= Task requirements =
Give the entries below again, word for word, and leave out the images.

== Segment start ==

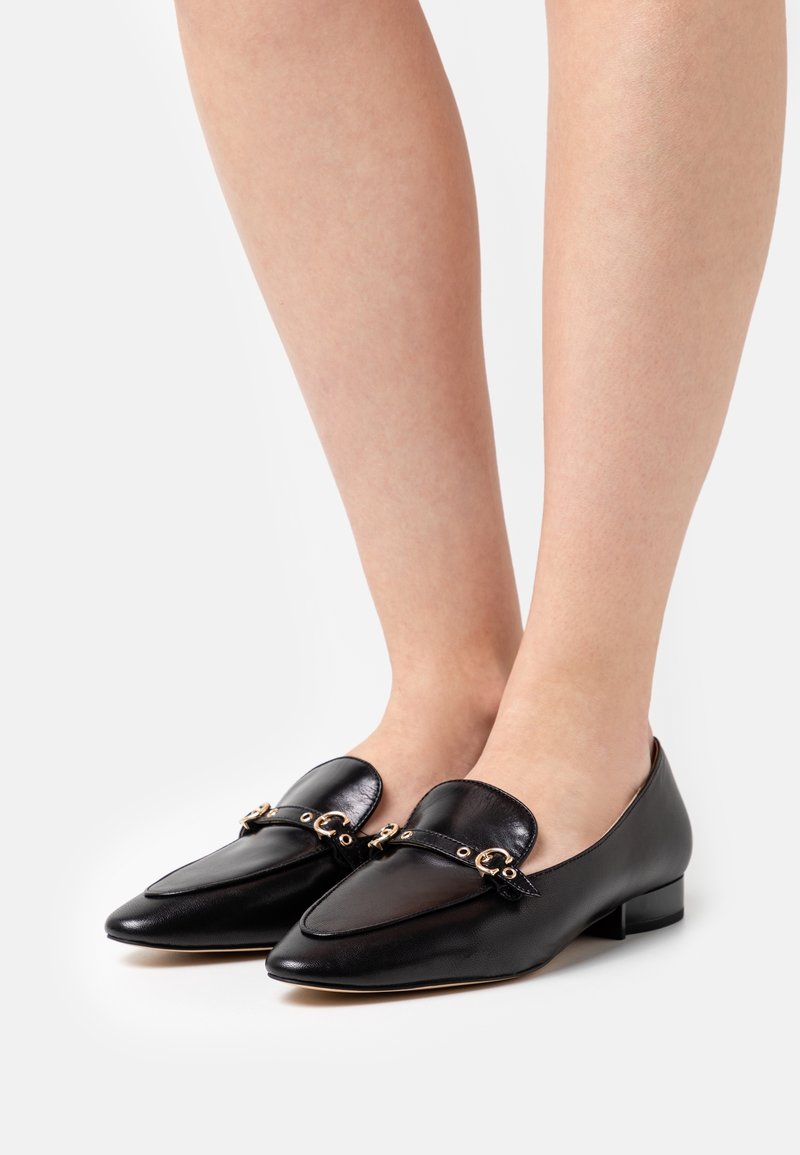 Mocassins en cuir noir avec des détails de boucle dorée portés pieds nus sur fond blanc.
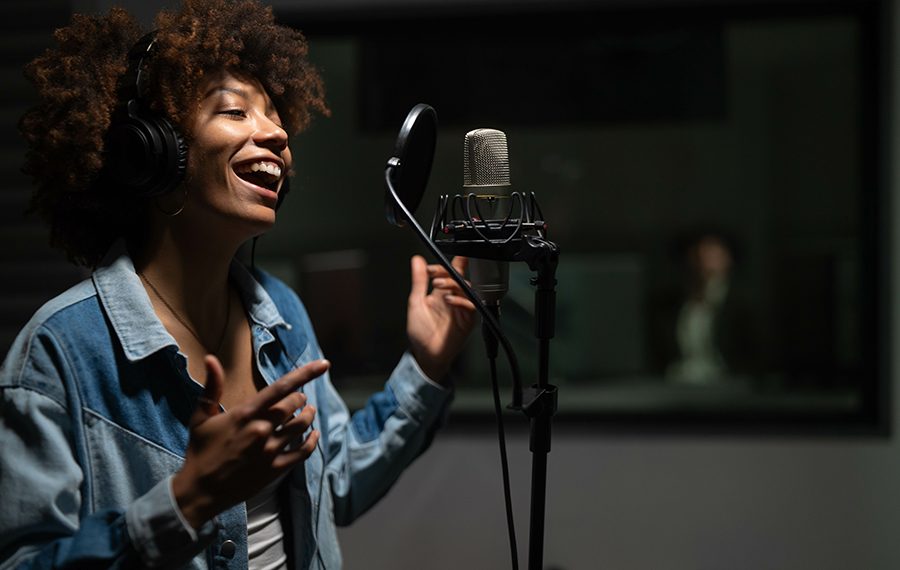 An young professional smiling energetic african female singer we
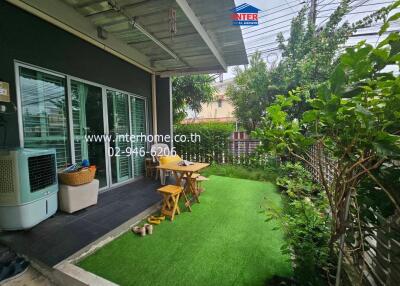 A cozy backyard with a small seating area and artificial grass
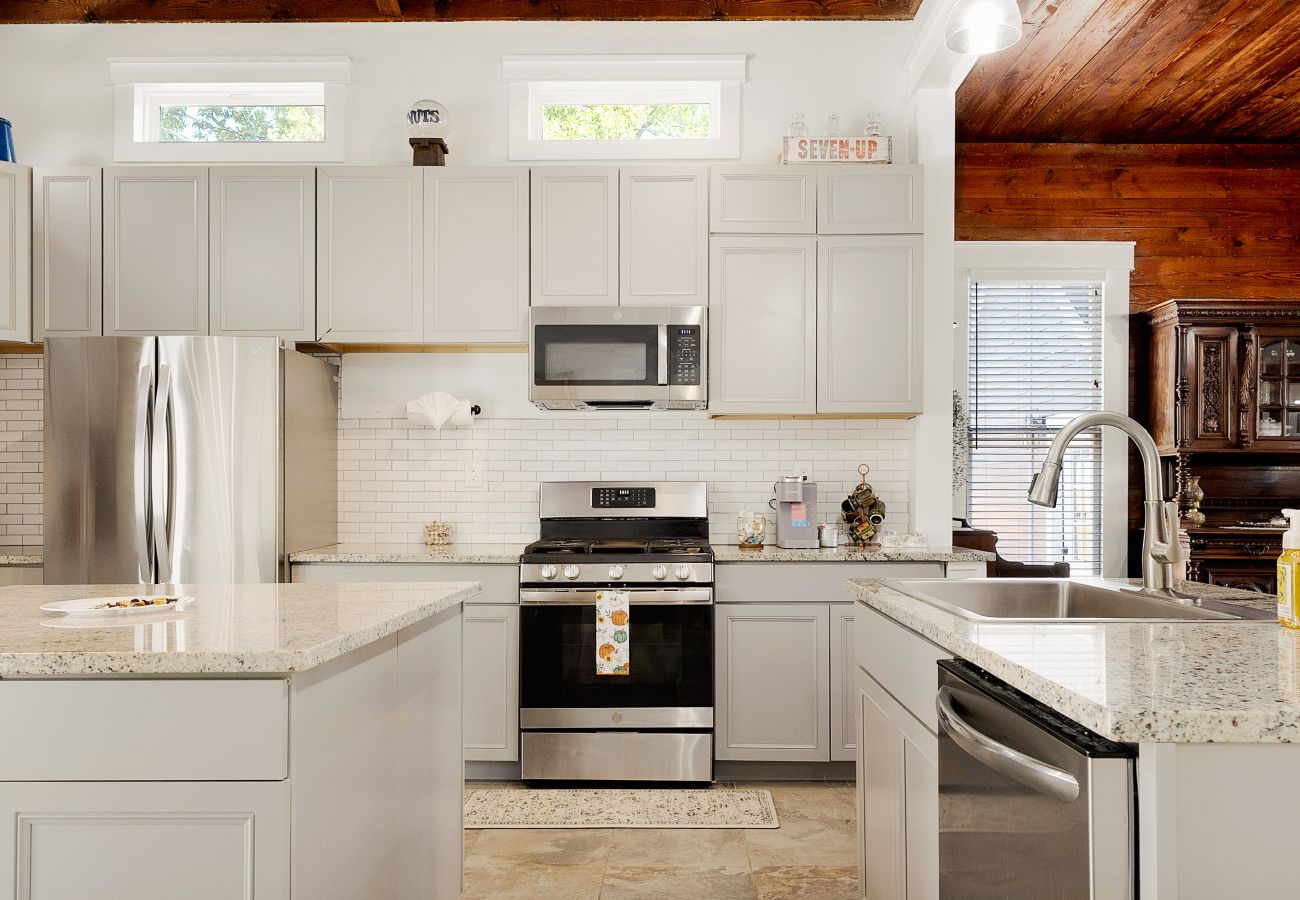 Spacious kitchen with granite countertops, and a gas range framed by warm wood ceilings and bright natural light.
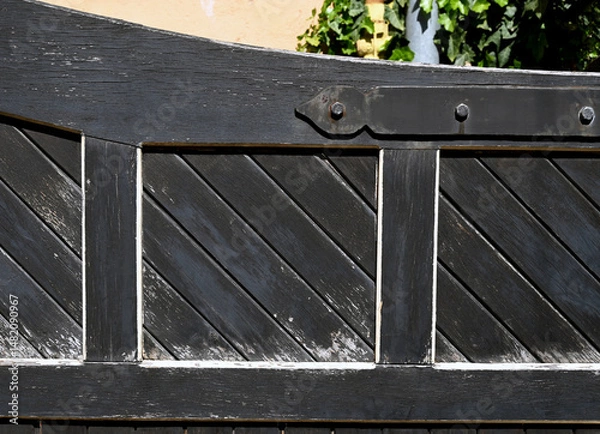 Fototapeta Weathered wooden gate in a rustic setting with shadows from surrounding foliage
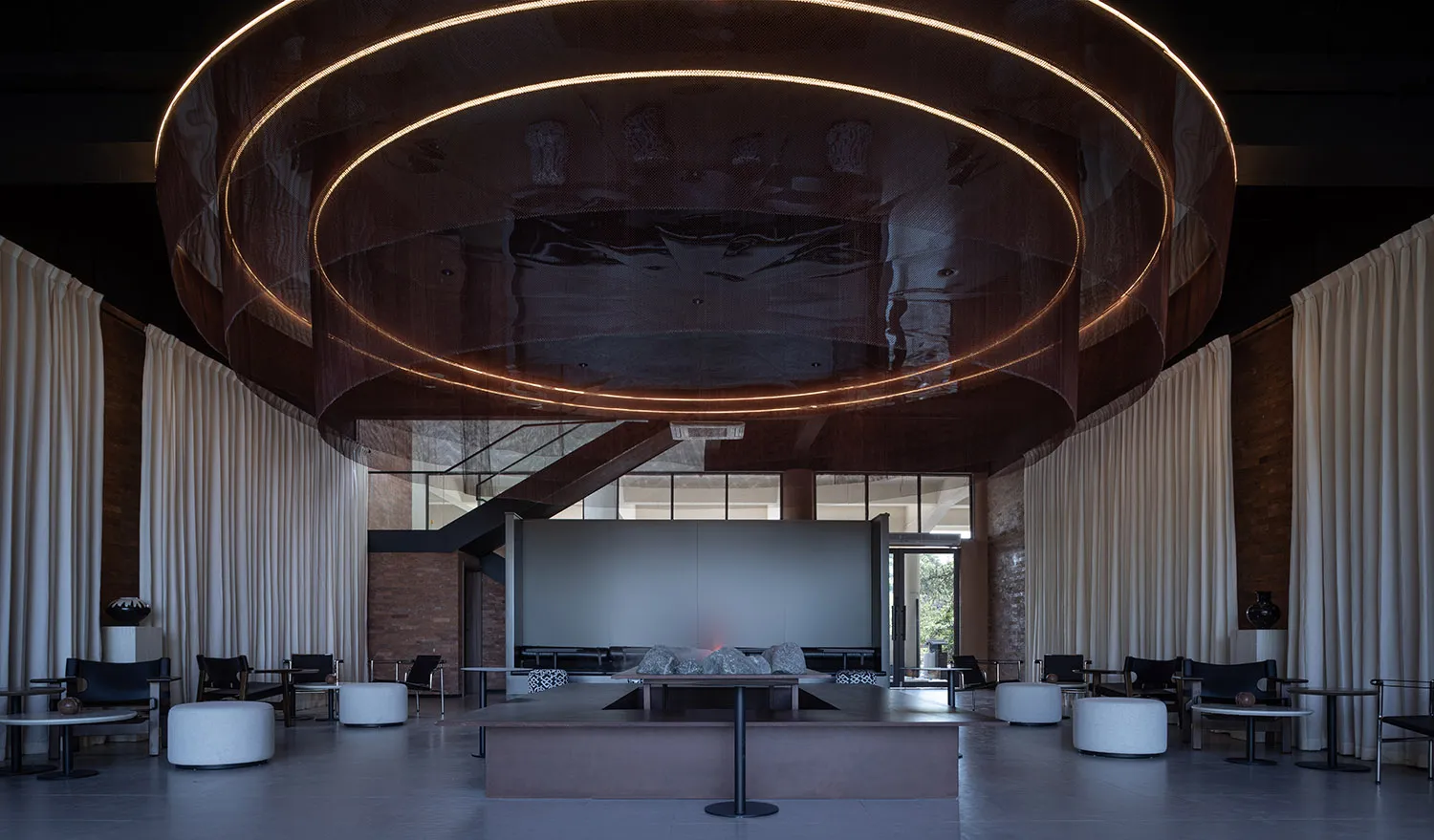 Elegant hotel lobby with a large circular table, multiple couches, and a wooden ceiling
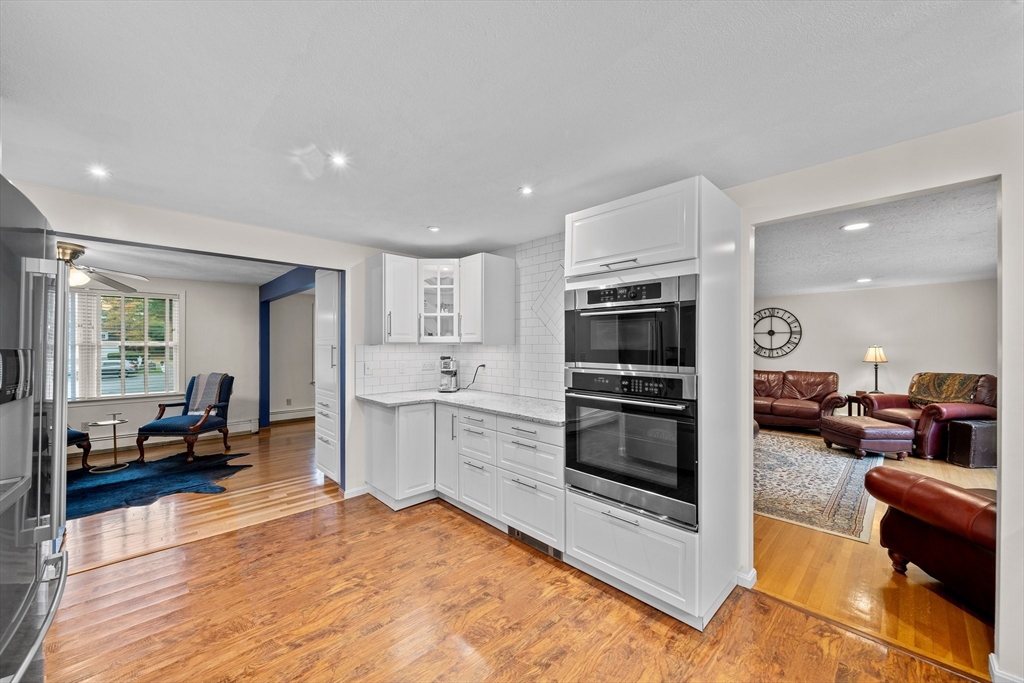 18 Sunnybrook Lane Canton, MA 02021 - Photo 8 of 40 a kitchen with stainless steel appliances kitchen island granite countertop a stove and a sink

== Segment end ==

= Completed exercise =
 Mocassins en cuir noir avec des détails de boucle dorée portés pieds nus sur fond blanc.
 An young professional smiling energetic african female singer we
 A cozy backyard with a small seating area and artificial grass
 Spacious kitchen with granite countertops, and a gas range framed by warm wood ceilings and bright natural light.
 Fototapeta Weathered wooden gate in a rustic setting with shadows from surrounding foliage
 Elegant hotel lobby with a large circular table, multiple couches, and a wooden ceiling
 18 Sunnybrook Lane Canton, MA 02021 - Photo 8 of 40 a kitchen with stainless steel appliances kitchen island granite countertop a stove and a sink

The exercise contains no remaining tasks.